04/12/2014 07:37 GMT | Updated 03/02/2015 05:59 GMT

Why Charities Need to Understand the Zoella Phenomenon

If you're someone who has spent any time on YouTube over the past few months, it won't be long before you come across Zoe Sugg, aka Zoella. Now, with her multi-million pound partnership with YouTube you might even see her 'in real life' on billboards and bus stops too.

She is, along with her boyfriend Alfie (of Pointlessblog - together they are 'Zalfie'), her brother ThatcherJoe and her dear friends SprinkleofGlitter or Tyler Oakley, part of a new set of rapidly rising media stars of the digital age. Together they have over 20 million YouTube subscribers - that's comparable to the population of Australia.

Yet vlogging is mystifying an older generation (and 'older generation' can include people not yet in their 30s) in a way that's reminiscent of the impact of the Beatles or punk rock on bewildered parents of the 1960s and 70s. As The Independent said in October 2014 in an article headed 'Who is Zoe Sugg?':

"...who is she and why is she relevant? These are questions on many people's lips as they are forced to sit through an advert promoting her fashion and beauty channel before the YouTube video of their choice."

They might not be conventional celebrities, but these young YouTube stars are not a group any charity can afford to ignore if they want to engage young people online. It's something we take seriously at Mind - and why we're delighted to have invited Zoella to be our first ever digital ambassador, and very happy that she accepted.

Even before reaching out to Zoella, we've been consciously increasing the content we produce for Youtube. We at Mind need to be there for people who live with long-term mental health problems. Managing mental health can be a marathon, not a sprint - so our videos show people living with a mental health problem and how, with support and respect, they can not only survive, but thrive.

YouTube allows us to reach young people on their own turf, and this is so important, not least because tragically the leading cause of death for people between the ages of 20-34 is suicide.

It's also the type of platform that lets us to look beyond ourselves as a charity in terms of creativity. A year ago we were part of an incredibly inspiring user-lead fightback - the Asda #mentalpatient Twitter storm (discussed elsewhere on CharityComms by Mind's digital communications manager Chris Cox. That experience has gone on to shape our whole approach to digital content - we see the future of Mind's online communications as much about amplifying user generated content as making our own.

Our own discovery of Zoella came in 2012, before her national fame, when she uploaded her Dealing with Anxiety and Panic Attacks vlog, a follow up to earlier blog post on the topic in which she says:

"You are not alone, panic attacks are VERY common [...] Do not force yourself to go somewhere you don't feel comfortable, you and your health are far more important than keeping someone else happy."

That video was seen by over 2.5 million people. A little while later we discovered that Zoella expressed an interest in working with us in some way, and so started a conversation that eventually lead to the ambassadorial role.

On the day we announced Zoe as our new ambassador, we gained twice as many subscribers on YouTube, and got 4 times more followers on Twitter, than on an average day. Her video announcing her appointment has had the highest level of engagement any of our YouTube videos has had, ever. In November 2014 we got the strongest sign of her influence yet - she tweeted about our 'In our own words' video which resulted in one of the biggest web traffic spikes we've ever seen!

But the stats don't tell the human story - we are getting anecdotal evidence all the time about how Zoella's involvement is positively affecting people's lives. 19 year old Harley, one of the growing number of supporters who have sent us a #mentalhealthselfie told us that it was because of Zoella opening up about her anxiety and panic attacks that she decided to talk about hers.
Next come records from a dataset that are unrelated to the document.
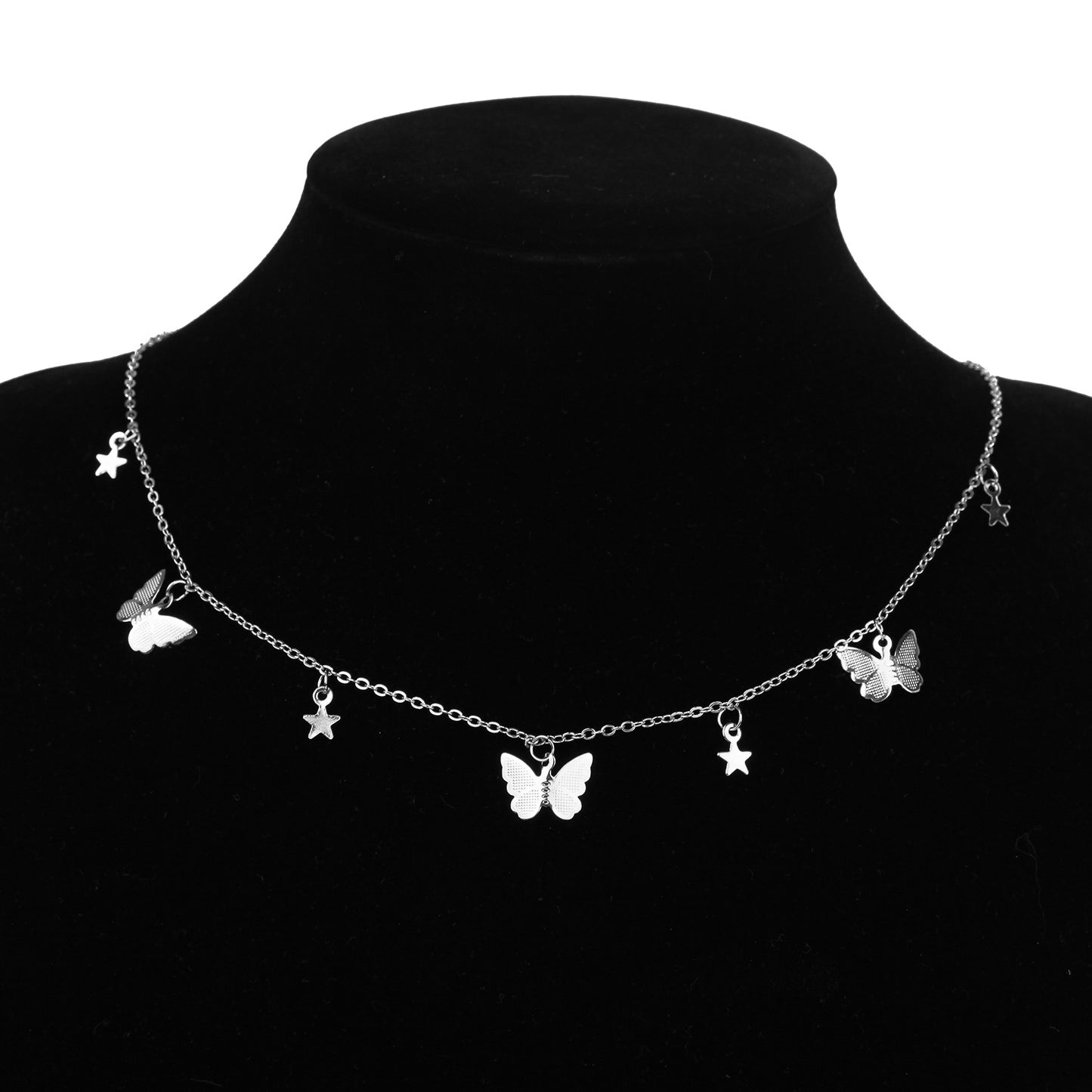 Gold Chain Butterfly Pendant Choker for Women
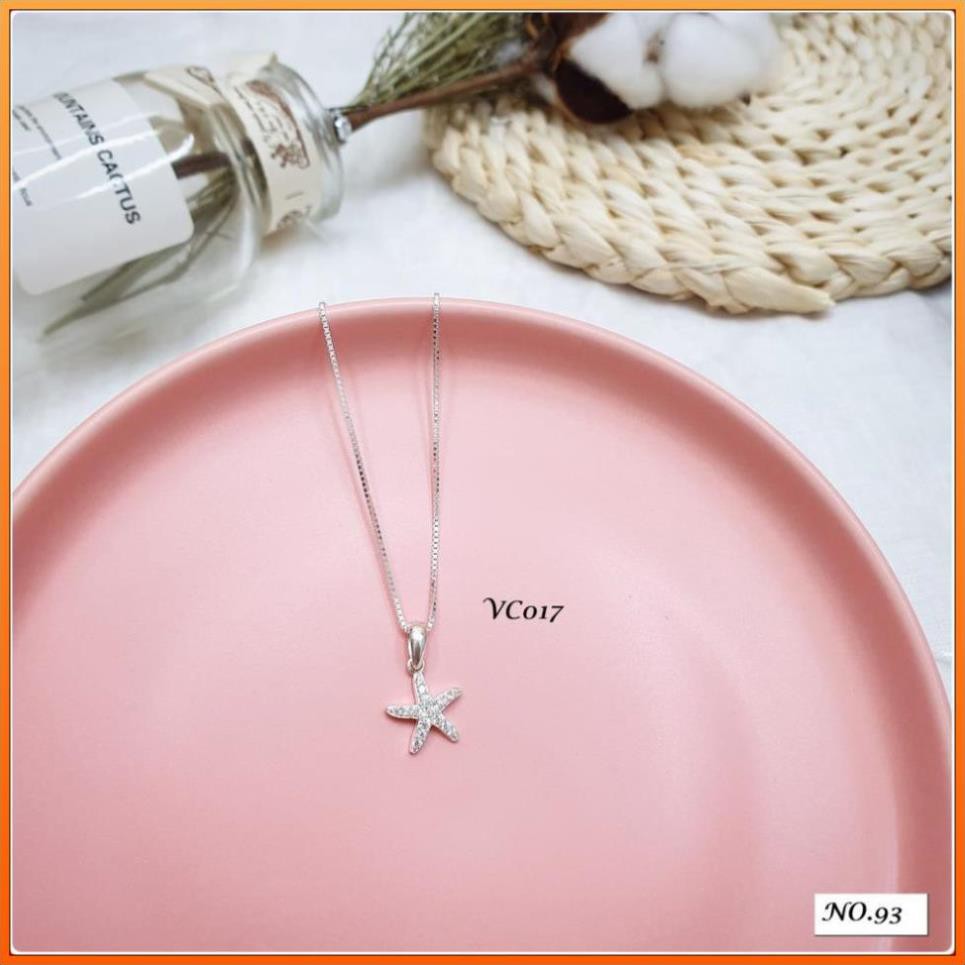 (BẠC CHUẨN)  DÂY CHUYỀN BẠC Ý 925 CHO NỮ MẶT SAO BIỂN PHỤ KIỆN TRANG SỨC CAO CẤP NO.93 VÒNG CỔ NỮ ĐẸP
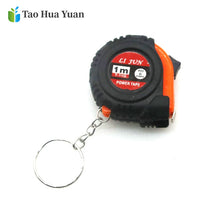 Load image into Gallery viewer, Mini Power Tape Measure Keychain Universal Pull Ruler Metric Tape Measure Retractable 1m Measuring Tape Meter Inch Tailor Tool A
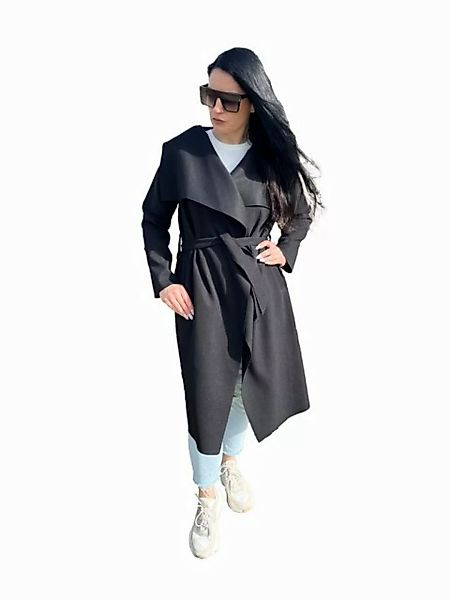 Lelü Fashion Langjacke Langer Mantel mit Bindeband günstig online kaufen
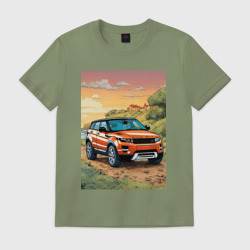 Мужская футболка хлопок Land rover evoque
Messages about sensitive subjects are infinitely more powerful when they come directly from people - this is the key to Zoella's success and why she fits so well with our approach. The voices of people with experience of mental problems, are at the core of everything Mind does.

She may have founded her career on 'superficial' pursuits like make-up tutorials, but what's different about Zoe is that she has authenticity. She doesn't pretend to have it all figured out and she talks to her fans as equals.

While this could be seen as risky - we cannot 'control' what she says or does, and wouldn't want to - her honesty and humanity are part of who she is online, and why we are proud to have her on our side.